*WORK ITEM:* Quote the records beneath, complete and exact. Leave out images.

*DATA FOR THIS TASK:*
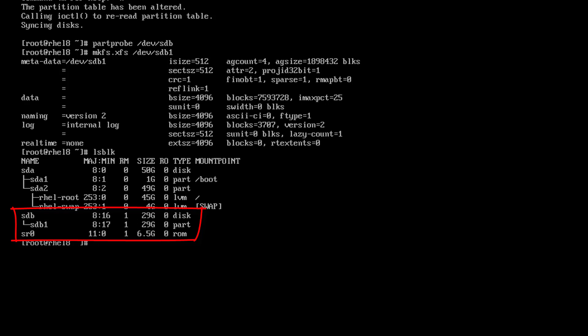My pen drive is ready. HDB, 29 GB — this is my pen drive. I am going to mount it.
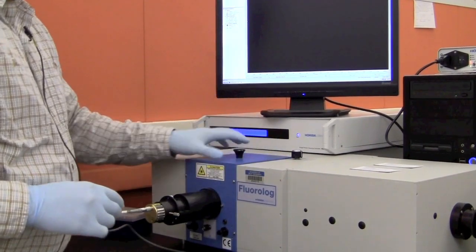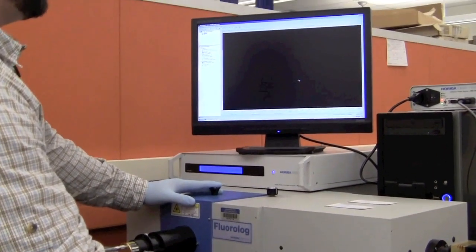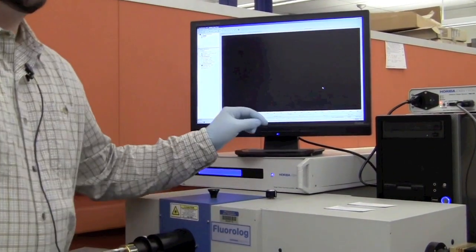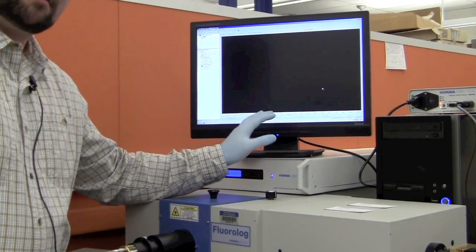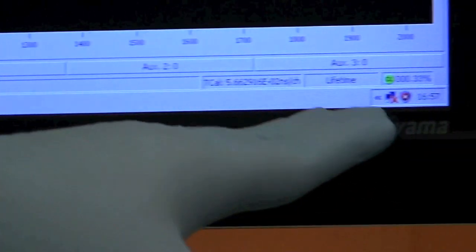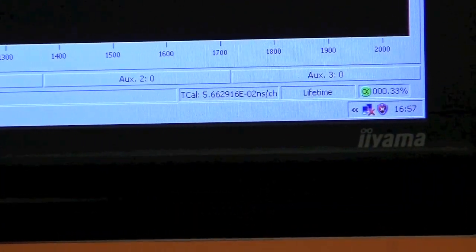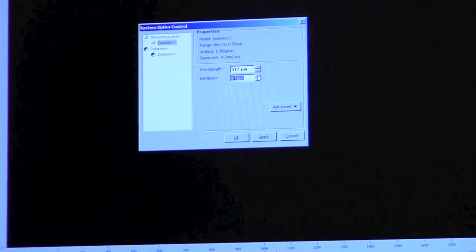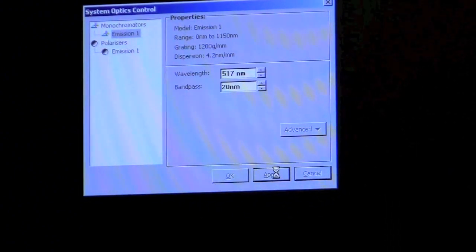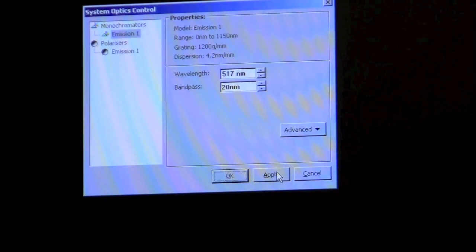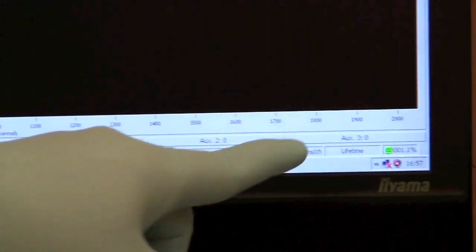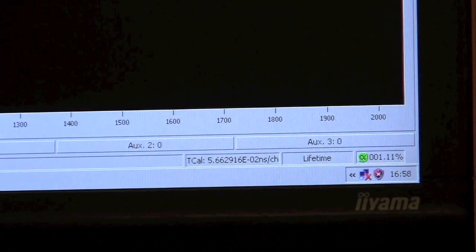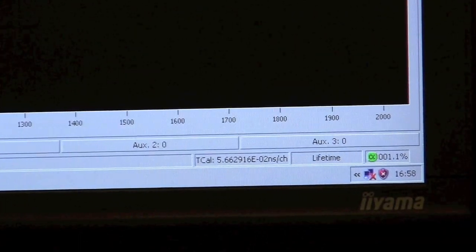Once we place our solution in the instrument, we want to make sure we're not collecting too many photons. We want to stay within about 0.5 to 2% photon collecting, which you see in the lower right-hand corner. We're at 0.34% now, so we need to get that higher. I'm going to open the slit widths all the way to 20 nanometers. Now we're collecting 1.1%. Once we go over 2%, this green icon will turn red, and you'll know to close your slit widths.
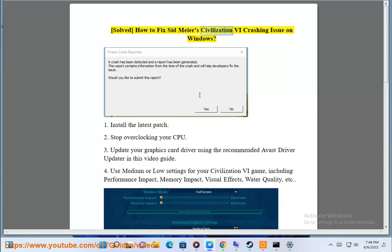Solve how to fix Sid Meier's Civilization VI crashing issue on Windows. 1. Install the latest patch.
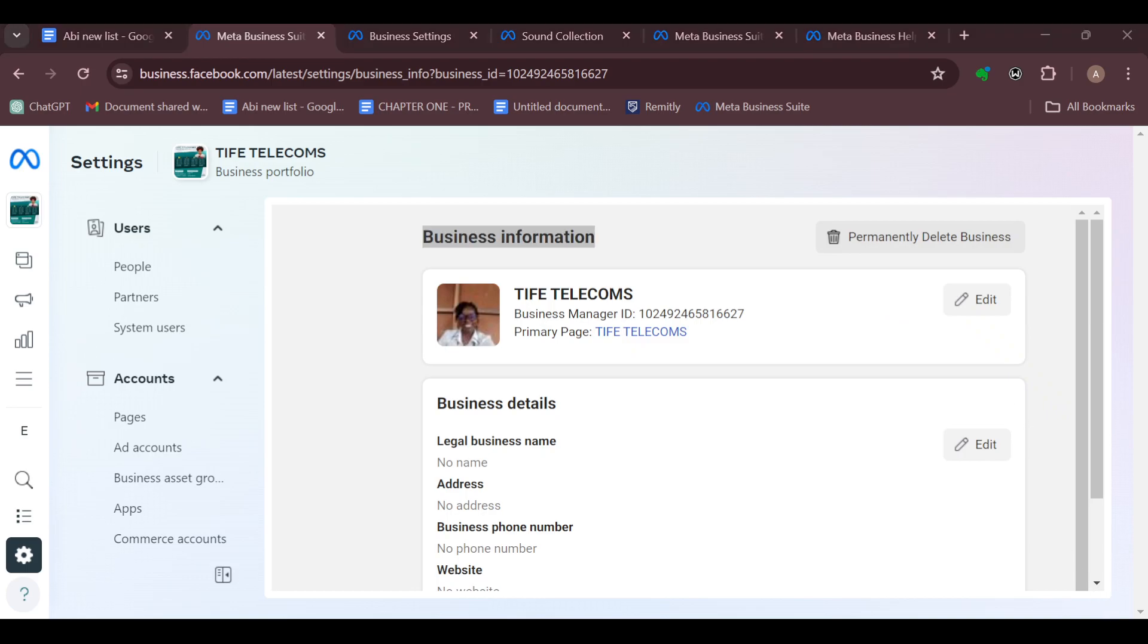And then just like that, your Meta Business Suite account would be permanently removed and deleted.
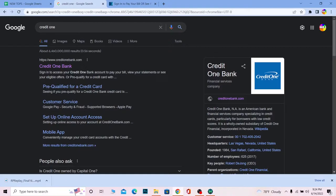All right, so that's a short description of what Credit One Bank is. Let me show you how you can log in to a Credit One Bank account.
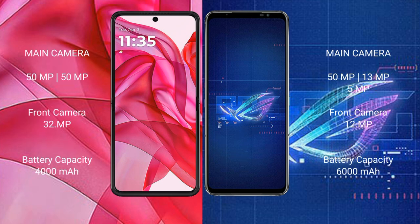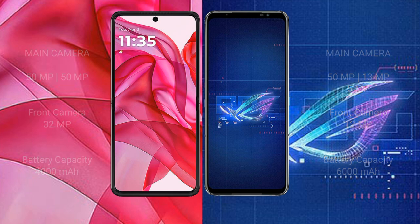The Motorola RAZR 50 Ultra features a dual rear camera setup with a 50MP main camera and a 32MP front camera. The ASUS ROG Phone 6 features a triple rear camera setup with 50MP, 13MP, and 5MP sensors, and a 12MP front camera. The Motorola RAZR 50 Ultra has a 4000mAh battery with 45W fast charging, while the ASUS ROG Phone 6 has a 6000mAh battery with 65W fast charging.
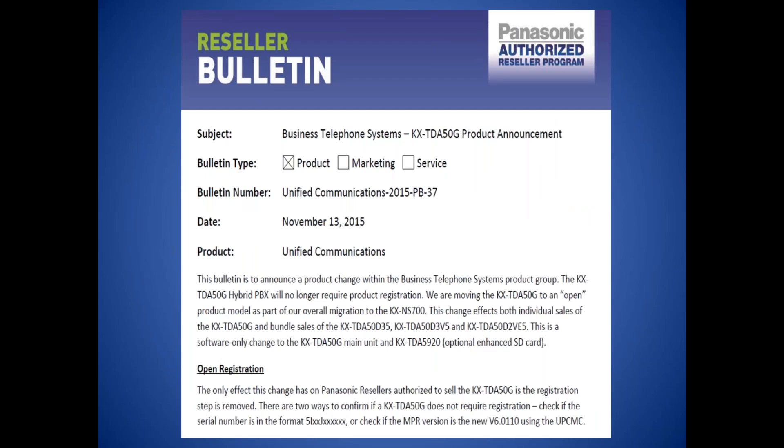In 2015, the TDA50 was made an open product, meaning that it no longer requires certification to purchase or a registration file to function.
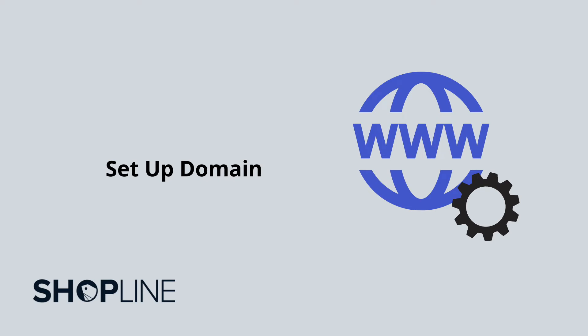In this tutorial, we will show you how to bind a domain name from a third-party domain service provider to your ShopLine admin panel.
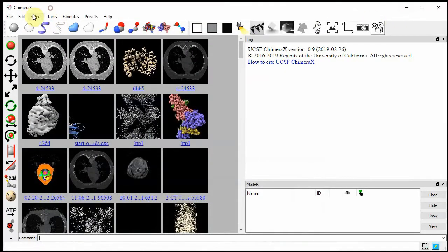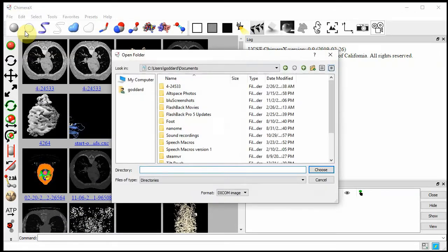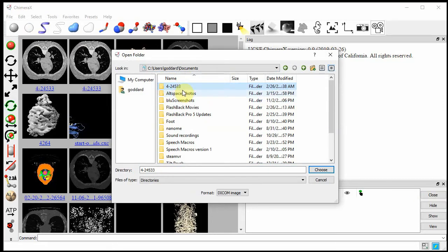I'll open the data with file, open DICOM folder. I downloaded the data into documents, it's this folder 4-24533. I choose just the folder. Within the folder there are a few hundred DICOM data files for individual planes of the data, but I just choose the folder.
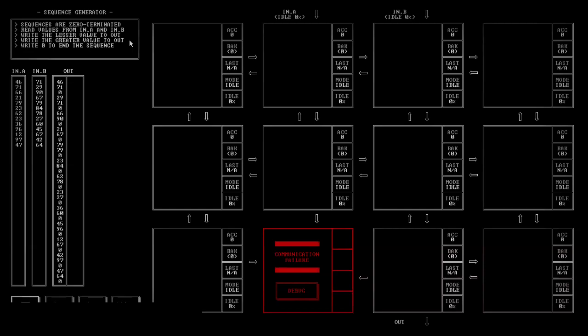Sequences are terminated by zeros. Read values from A and B, write the lesser value to out, write the greater value to out, write zero to end the sequence. So 4, 6, 7, 1 becomes 4, 6, 7, 1, zero. Here's in, in, out. At last things start to get interesting. To determine which is greater, I apparently need to do some math, because there are no instructions that allow me to directly compare values.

*RESULT OF THE EXERCISE:*
My pen drive is ready. HDB, 29 GB — this is my pen drive. I am going to mount it.
Once we place our solution in the instrument, we want to make sure we're not collecting too many photons. We want to stay within about 0.5 to 2% photon collecting, which you see in the lower right-hand corner. We're at 0.34% now, so we need to get that higher. I'm going to open the slit widths all the way to 20 nanometers. Now we're collecting 1.1%. Once we go over 2%, this green icon will turn red, and you'll know to close your slit widths.
Solve how to fix Sid Meier's Civilization VI crashing issue on Windows. 1. Install the latest patch.
And then just like that, your Meta Business Suite account would be permanently removed and deleted.
All right, so that's a short description of what Credit One Bank is. Let me show you how you can log in to a Credit One Bank account.
The Motorola RAZR 50 Ultra features a dual rear camera setup with a 50MP main camera and a 32MP front camera. The ASUS ROG Phone 6 features a triple rear camera setup with 50MP, 13MP, and 5MP sensors, and a 12MP front camera. The Motorola RAZR 50 Ultra has a 4000mAh battery with 45W fast charging, while the ASUS ROG Phone 6 has a 6000mAh battery with 65W fast charging.
In 2015, the TDA50 was made an open product, meaning that it no longer requires certification to purchase or a registration file to function.
In this tutorial, we will show you how to bind a domain name from a third-party domain service provider to your ShopLine admin panel.
I'll open the data with file, open DICOM folder. I downloaded the data into documents, it's this folder 4-24533. I choose just the folder. Within the folder there are a few hundred DICOM data files for individual planes of the data, but I just choose the folder.
Sequences are terminated by zeros. Read values from A and B, write the lesser value to out, write the greater value to out, write zero to end the sequence. So 4, 6, 7, 1 becomes 4, 6, 7, 1, zero. Here's in, in, out. At last things start to get interesting. To determine which is greater, I apparently need to do some math, because there are no instructions that allow me to directly compare values.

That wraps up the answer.